#### Records provided ####

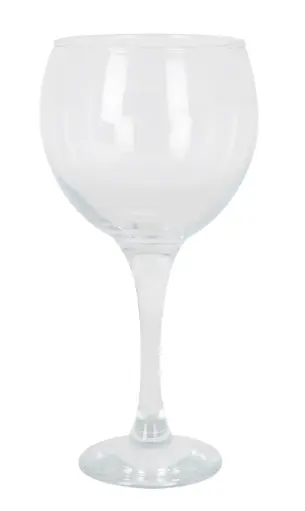 [VB22299H] Copa Combinados Misket 65 Cl.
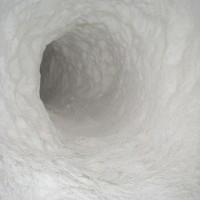 http://www.dejodelacombe.com/files/gimgs/th-2_IMG_4355.jpg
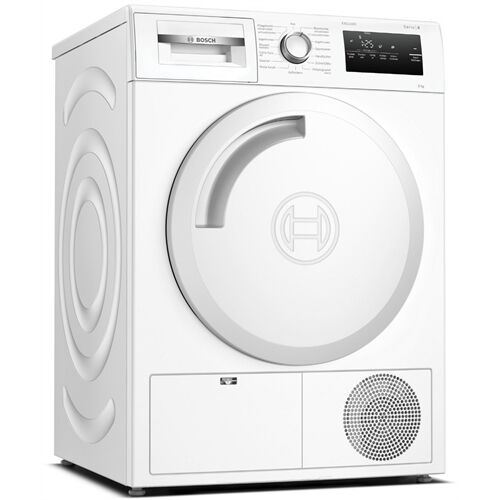 Bosch WTH83V93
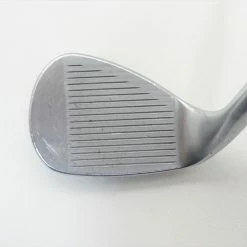Titleist Vokey Sm9 Tour Chrome Wedge 56°-10 S-Grind Wedge Stock Stl 1042530 Good -Adams Golf Shop 01042530 3 84632.1671631262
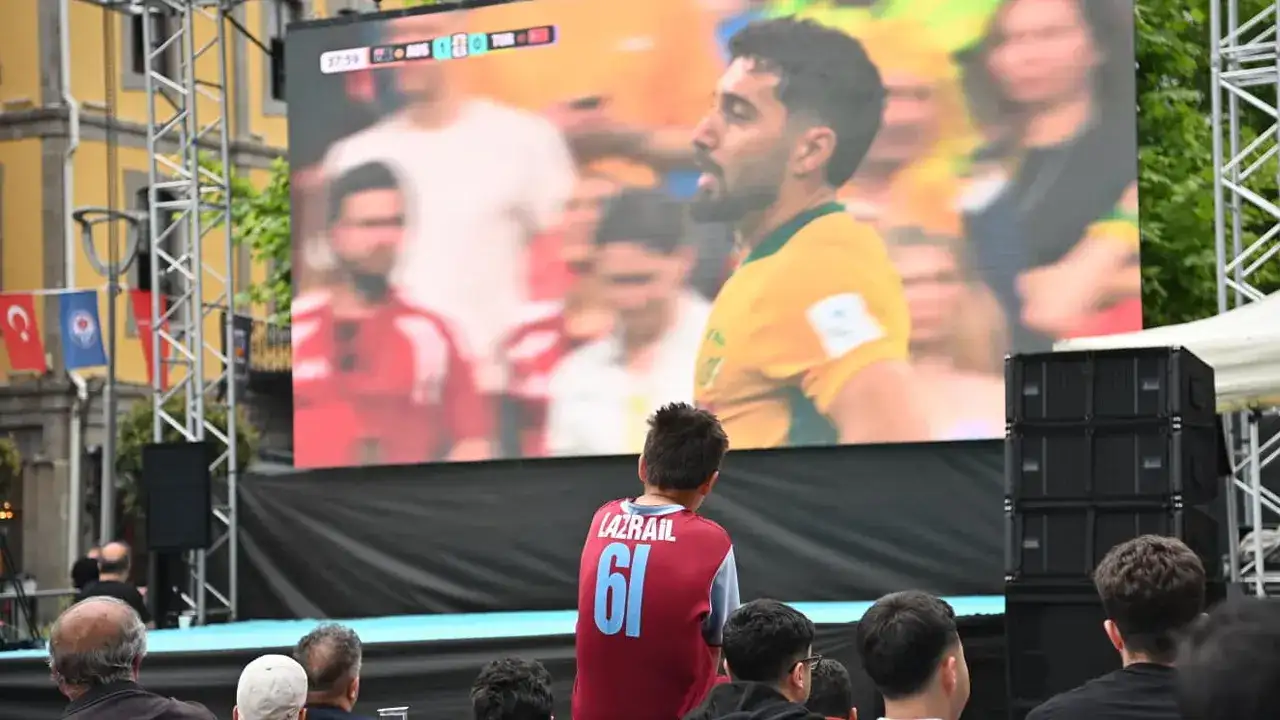 trabzon-milli-takim-icin-tek-yurek-oldu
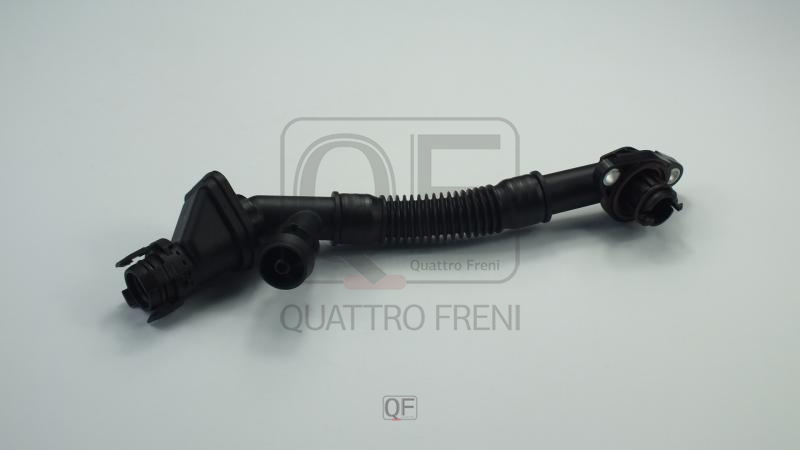 QF47A00175 Quattro Freni от 935 руб. для BMW X6 E71 2008-2014 в Москве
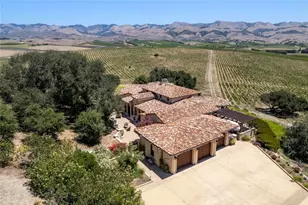 2350 Camino Edna, San Luis Obispo, CA 93401 - Photo 6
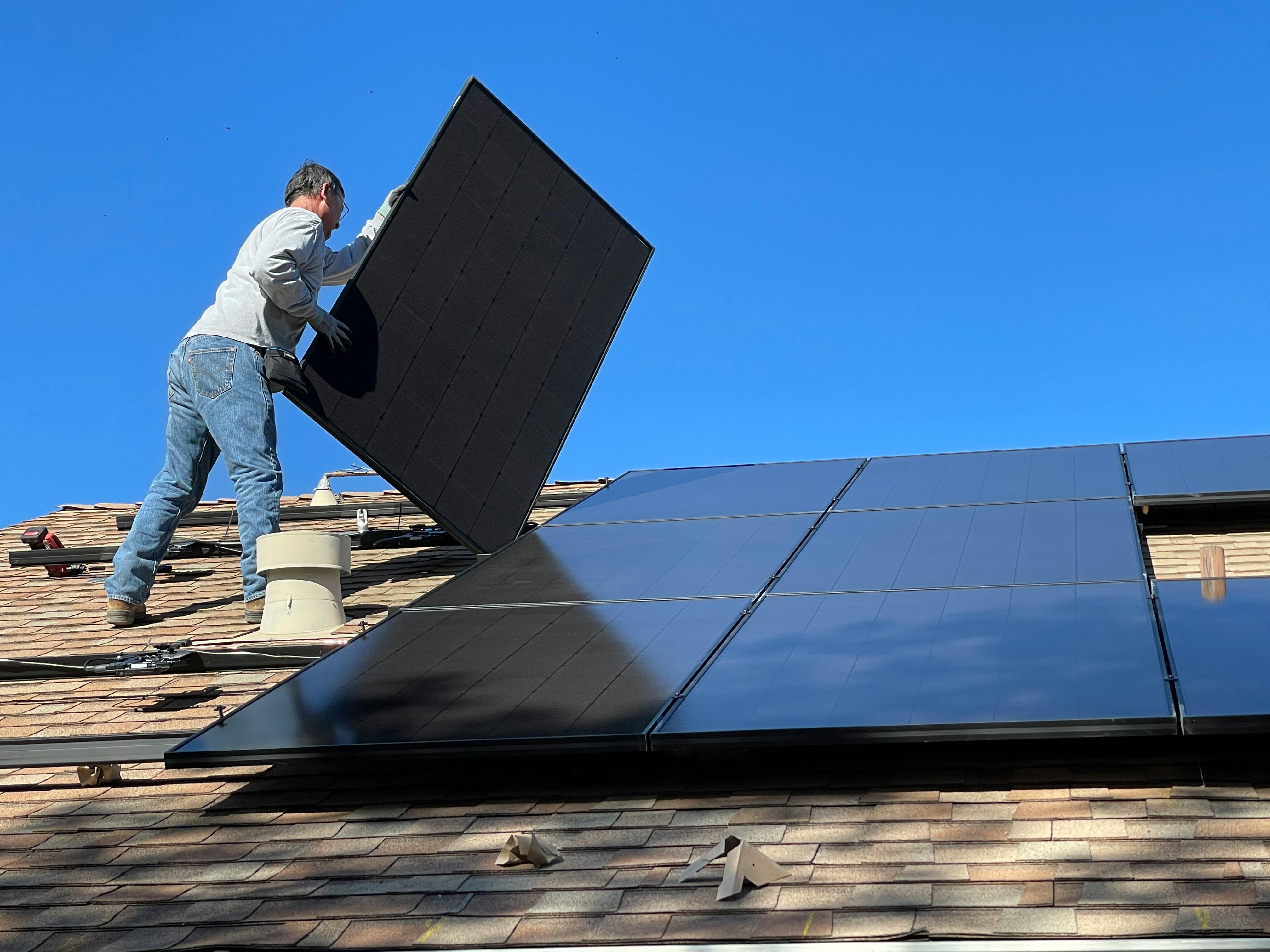 Ripon Launches Digital Permitting Platform to Speed Up Solar Approvals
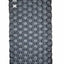 Domex Ultra XT R8 Inflatable Mat (long/wide rect)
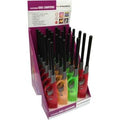 prima-bbq-single-gas-lighter-cdu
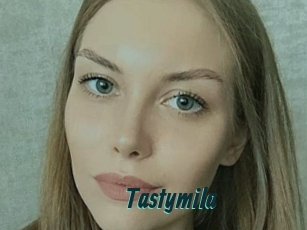 Tastymila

####

To do -
Drop the pictures, then write out only the lines running from the one containing "Ripon Launches Digital" through the last line above, both included, exactly.

Task answer -
 Ripon Launches Digital Permitting Platform to Speed Up Solar Approvals
 Domex Ultra XT R8 Inflatable Mat (long/wide rect)
 prima-bbq-single-gas-lighter-cdu
 Tastymila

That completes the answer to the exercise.